■ Exercise details
Copy, word for word, the lines below from the one containing "Fresh and Juicy" up to and including the one containing "A woman stands", with pictures left out.

■ Data for this task
◇ ◇ ◇ ◇

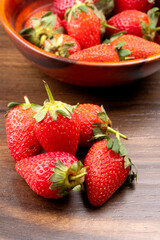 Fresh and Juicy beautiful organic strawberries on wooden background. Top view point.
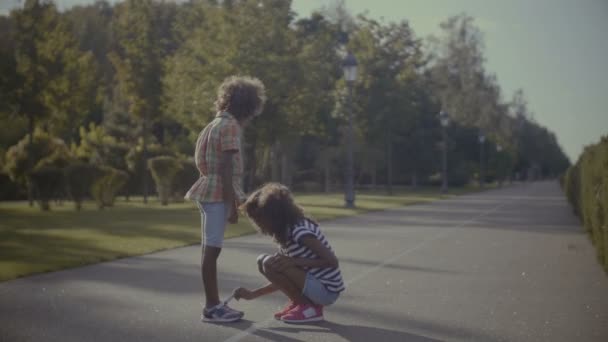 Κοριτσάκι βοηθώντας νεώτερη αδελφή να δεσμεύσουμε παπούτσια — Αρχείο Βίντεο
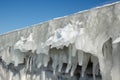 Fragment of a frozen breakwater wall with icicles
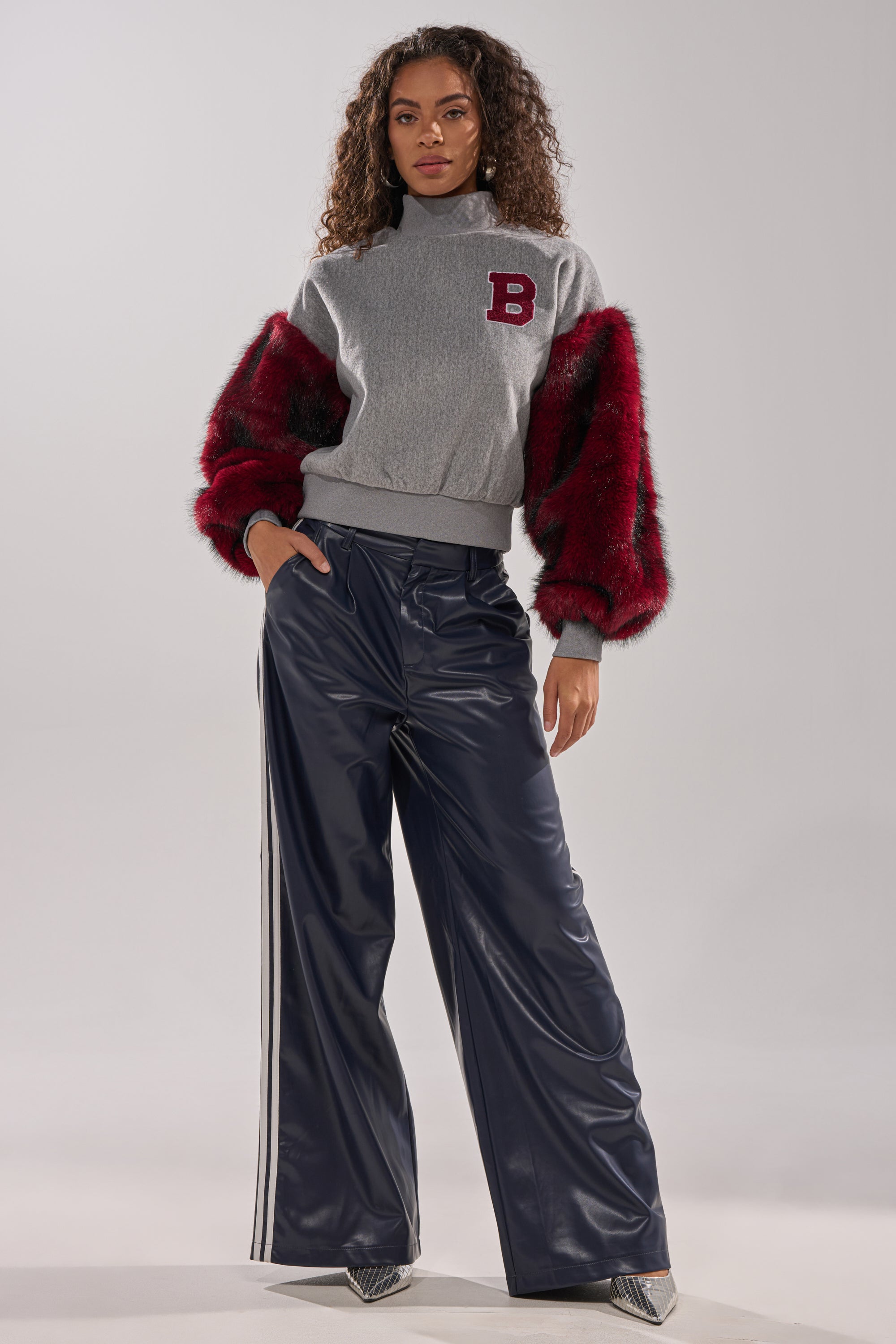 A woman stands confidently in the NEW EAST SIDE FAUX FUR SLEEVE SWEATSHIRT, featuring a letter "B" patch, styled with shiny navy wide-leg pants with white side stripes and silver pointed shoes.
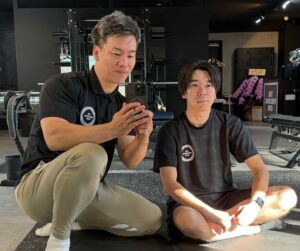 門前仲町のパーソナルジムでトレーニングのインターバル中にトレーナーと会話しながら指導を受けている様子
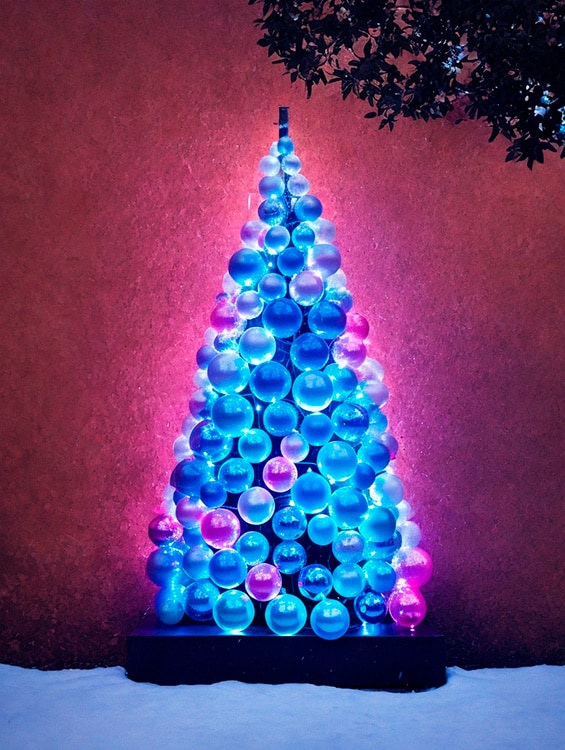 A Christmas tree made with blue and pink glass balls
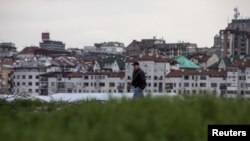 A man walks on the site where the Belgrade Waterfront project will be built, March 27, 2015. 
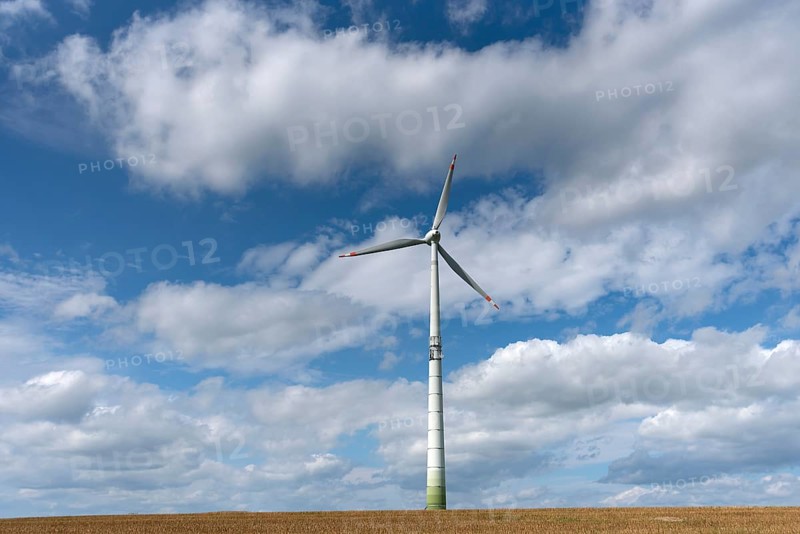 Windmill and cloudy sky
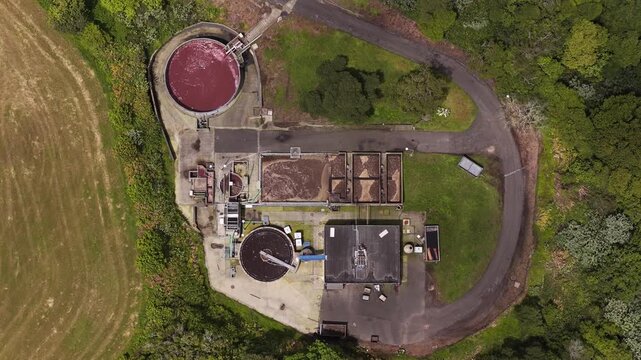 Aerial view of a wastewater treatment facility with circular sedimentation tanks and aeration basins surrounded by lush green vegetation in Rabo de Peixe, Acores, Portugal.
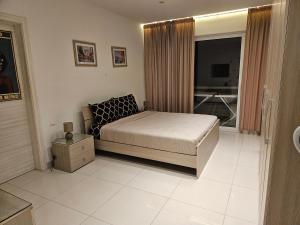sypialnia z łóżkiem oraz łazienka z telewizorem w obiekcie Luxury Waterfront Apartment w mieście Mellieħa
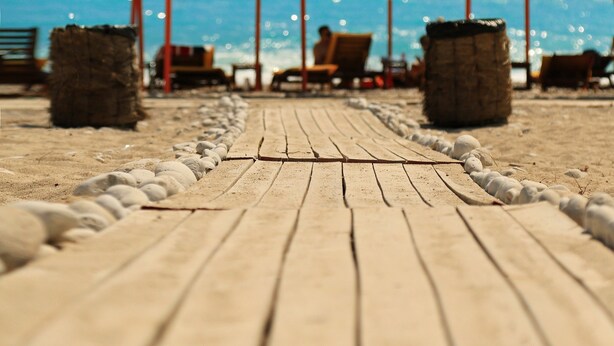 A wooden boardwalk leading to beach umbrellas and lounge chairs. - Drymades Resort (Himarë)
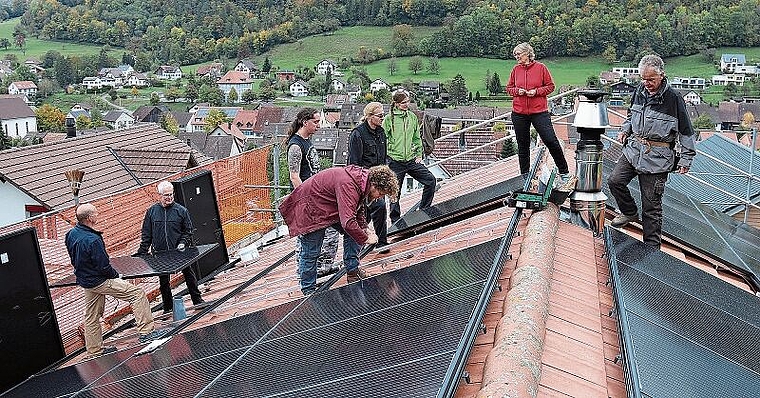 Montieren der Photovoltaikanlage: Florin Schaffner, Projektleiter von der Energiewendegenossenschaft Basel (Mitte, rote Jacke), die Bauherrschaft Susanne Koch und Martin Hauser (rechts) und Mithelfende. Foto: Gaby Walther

◇ ◇ ◇ ◇

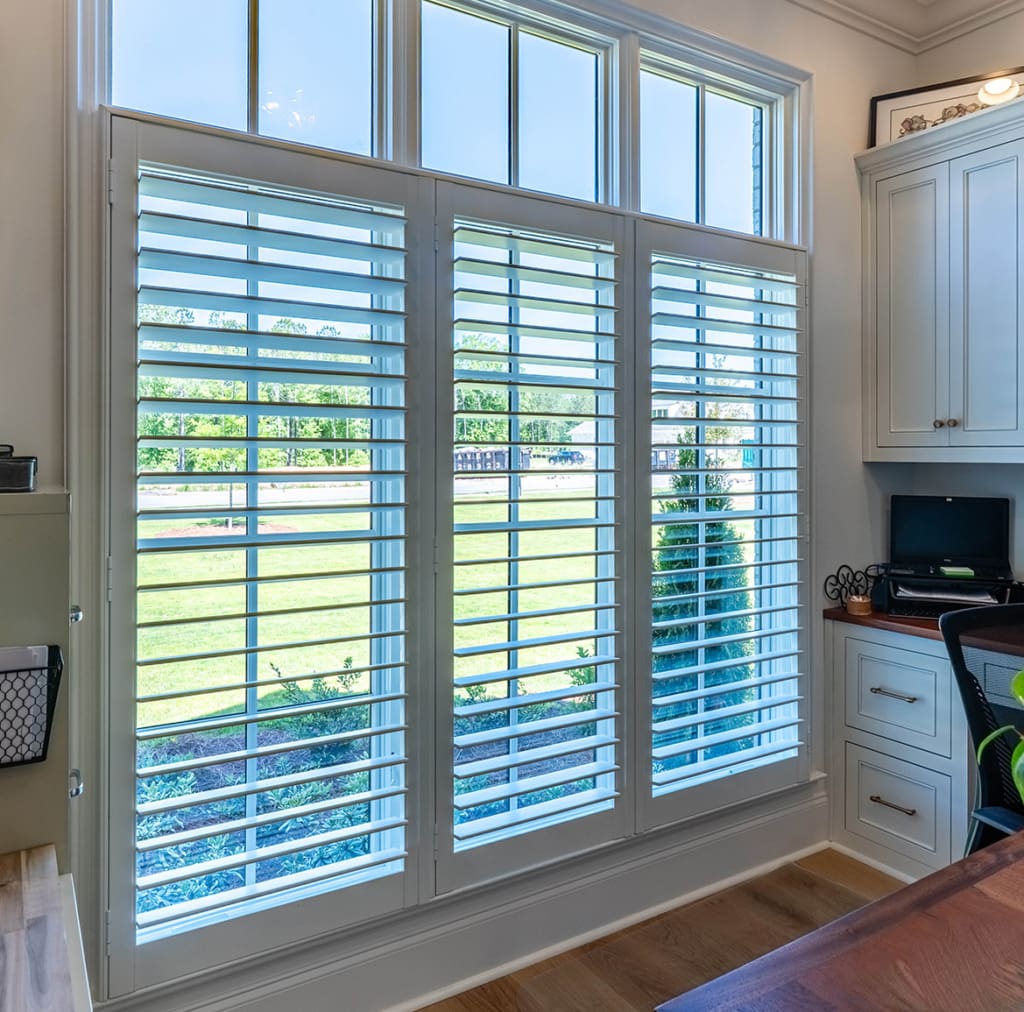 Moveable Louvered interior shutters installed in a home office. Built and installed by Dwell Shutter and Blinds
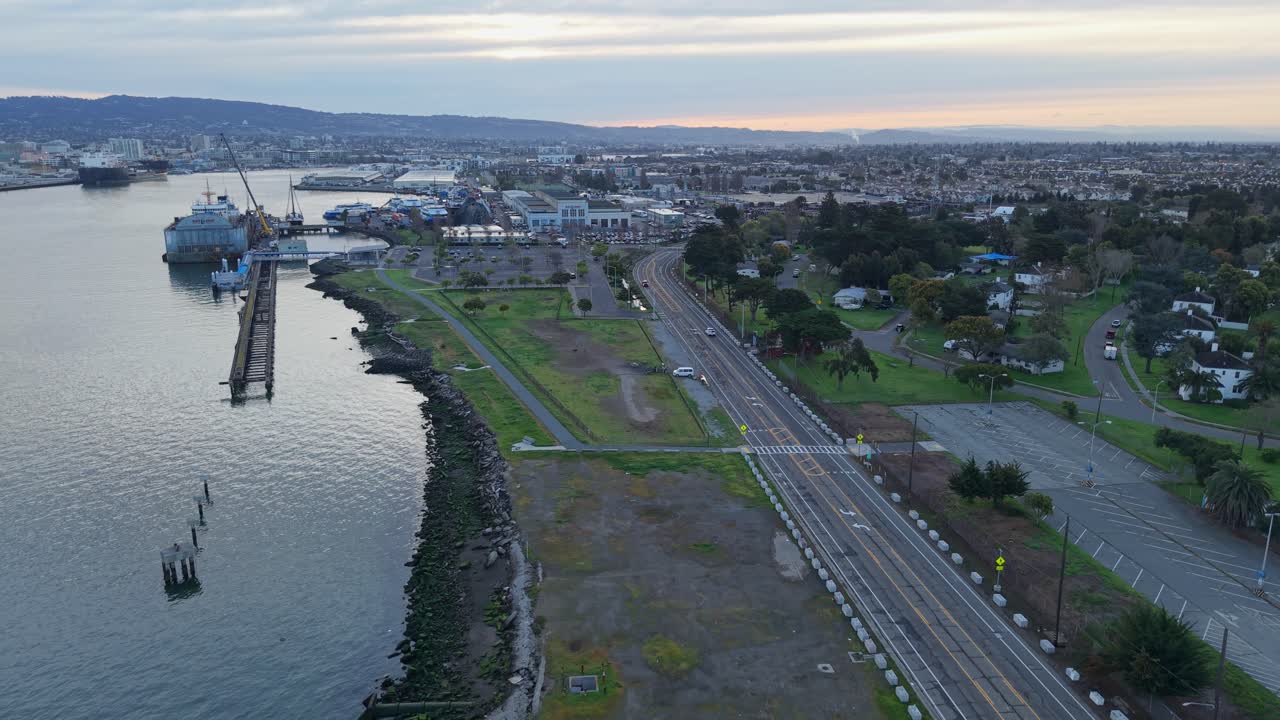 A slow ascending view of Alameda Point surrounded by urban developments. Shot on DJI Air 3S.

◇ ◇ ◇ ◇

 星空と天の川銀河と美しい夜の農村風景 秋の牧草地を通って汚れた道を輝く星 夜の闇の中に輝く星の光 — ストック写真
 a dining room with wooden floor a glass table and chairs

◇ ◇ ◇ ◇

■ Task result
 Fresh and Juicy beautiful organic strawberries on wooden background. Top view point.
 Κοριτσάκι βοηθώντας νεώτερη αδελφή να δεσμεύσουμε παπούτσια — Αρχείο Βίντεο
 Fragment of a frozen breakwater wall with icicles
 A woman stands confidently in the NEW EAST SIDE FAUX FUR SLEEVE SWEATSHIRT, featuring a letter "B" patch, styled with shiny navy wide-leg pants with white side stripes and silver pointed shoes.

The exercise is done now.